Matthews: “You've spent a lot of your life and career involved in the dialogue between the media and political power. It seems to me if you watched the last couple of weeks there's been a dialogue back and forth, almost a deposition, between the media -- especially the White House press corps -- and this President. Getting him to the point where he admitted there was no connection between what happened here and the war in Iraq, the Vice President, because of Tim Russert this weekend, agreeing to that, even though he had been the hardest man to convince on that point. And now here is the President, in a formal speech saying even though there's no confection directly between 9/11. It seems that is how democracy works, a dialectic, an argument back and forth, where one side finally says I don't have the evidence to keep making my case, therefore I'm going to ask you to accept my leadership, that it is a threat to our country even if they weren't involved with 9/11.”

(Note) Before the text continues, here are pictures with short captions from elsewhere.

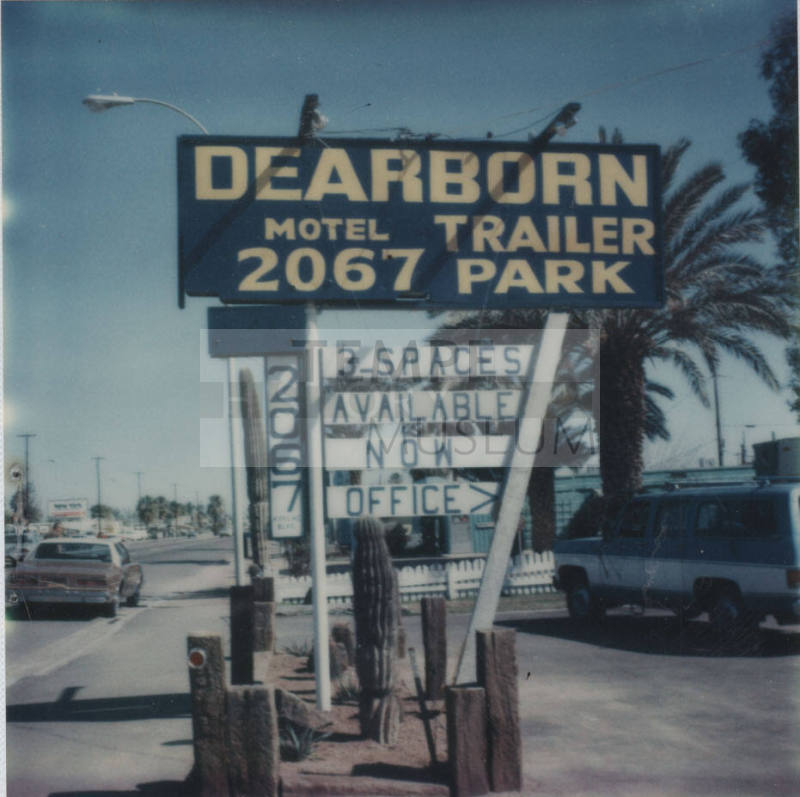 Dearborn Motel/Travel Trailer Park - 2067 East Apache Boulevard, Tempe, Arizona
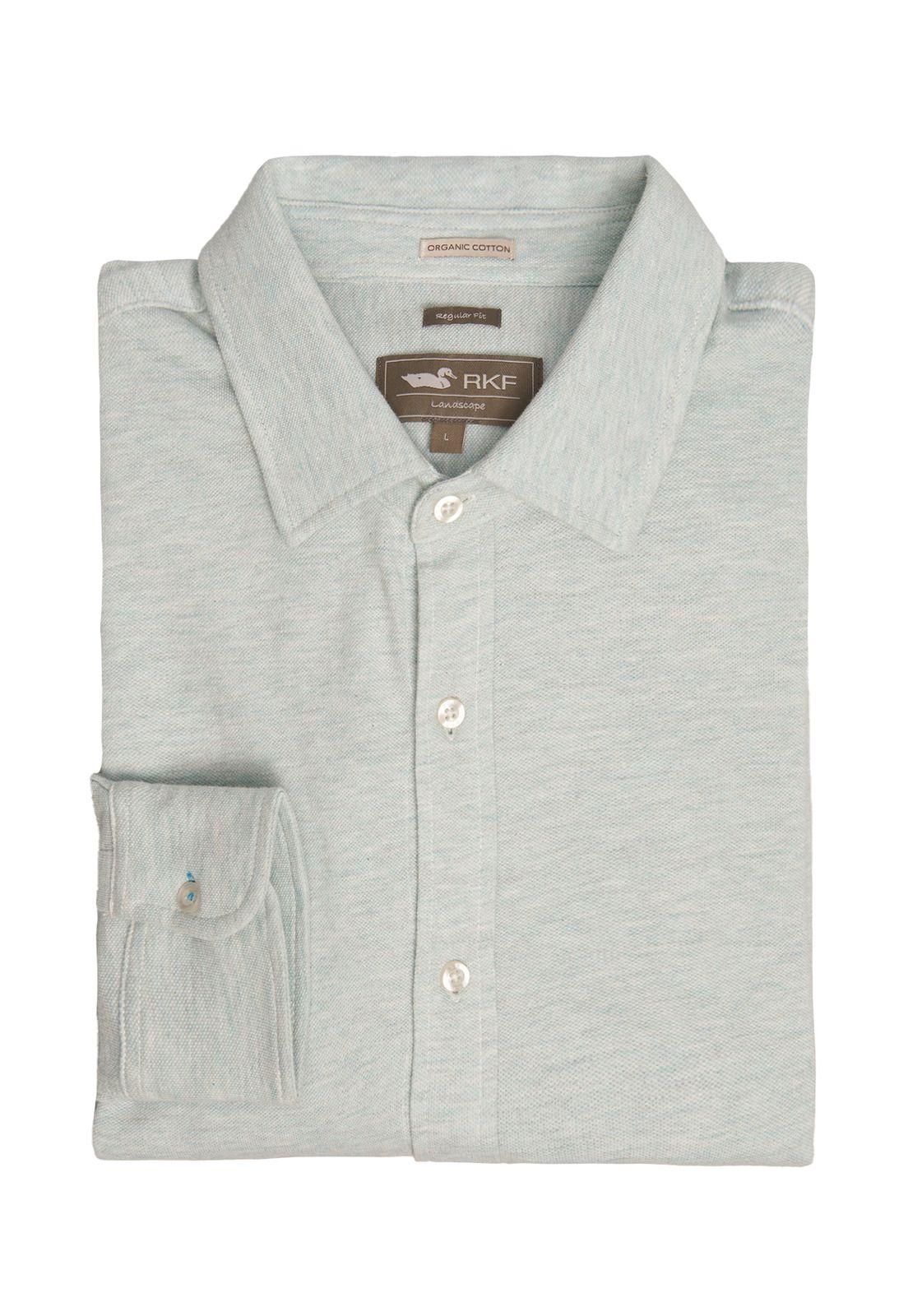 Polera Algodón Orgánico Hombre Piquelong Verde-0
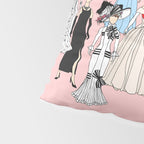 Think Pink Outfits Fashion Audrey Pillow Sham Gallery Image 4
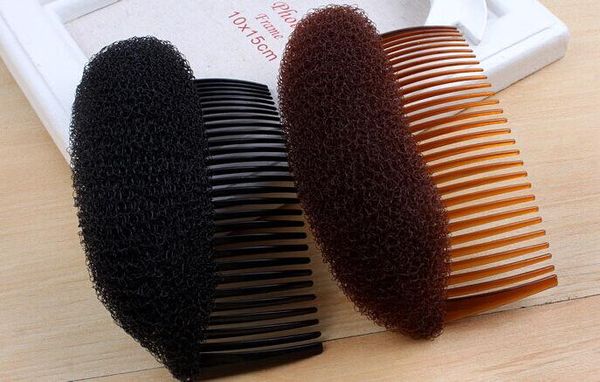 Styler de cheveux Volume Bouffant ruche Shaper rouleau bosse mousse sur peigne transparent accessoires de noël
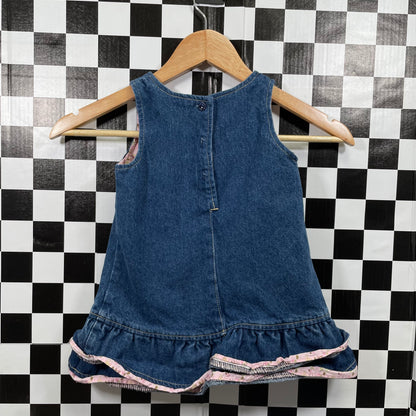 Y2K Classic Pooh Denim Dress - 24 Months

Brokaw: “People have been saying all day long, is this a political speech, are these political appearances? But of course they are. We live in a political system. This is how we work all that out. When he said tonight, for example, that Saddam Hussein was a clear threat to this country, if you watched Tim Russert yesterday, he had the Vice President on saying that, in fact, there was no connection between Saddam Hussein and Iraq. And we had Saddam in a box, which a lot of people believed at that time. The question is, do we advance the goals of trying to suffocate this Islamic rage, which is real, we are still under threat from a lot of jihadists around the world, by fighting the war the way we are in Iraq and doing what we have been doing in Afghanistan, or is there another way worth examining? It's not just a choice between cutting and running, as the administration likes to put it, and what a lot of Democrats would like to do, which is to just get out of there. There are other positions there, as well. This is a very complex war in which we're involved and it requires, it seems to me, more complex analysis than we're able to get in the current political debate.”